- DATA TO USE:
☆ ☆ ☆ ☆ ☆

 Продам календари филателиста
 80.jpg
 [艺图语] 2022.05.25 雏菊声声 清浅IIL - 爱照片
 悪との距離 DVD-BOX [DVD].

☆ ☆ ☆ ☆ ☆

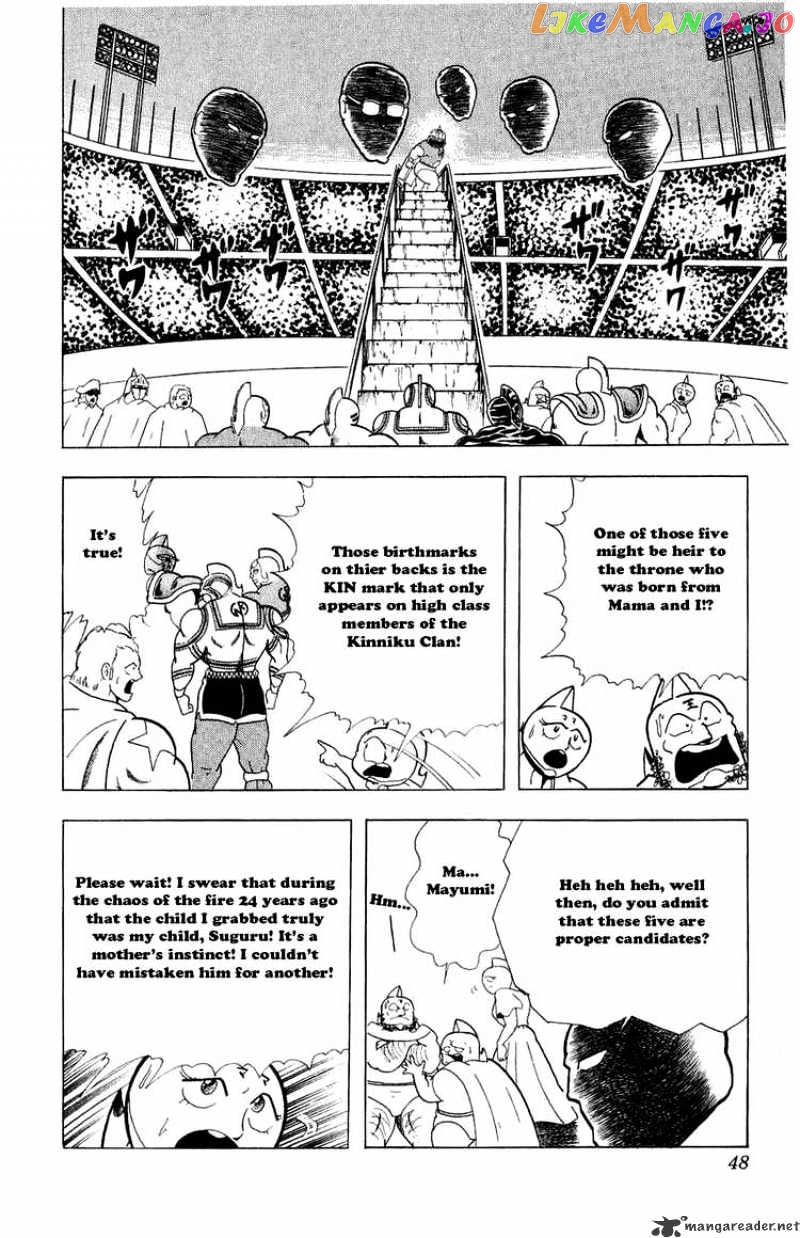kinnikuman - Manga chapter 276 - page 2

☆ ☆ ☆ ☆ ☆

- EXERCISE OBJECTIVE:
Reproduce only the lines above, starting at the line with "Продам календари филателиста" and ending at the line with "悪との距離 DVD-BOX [DVD].", exactly as written.

- RESPONSE AREA:
 Продам календари филателиста
 80.jpg
 [艺图语] 2022.05.25 雏菊声声 清浅IIL - 爱照片
 悪との距離 DVD-BOX [DVD].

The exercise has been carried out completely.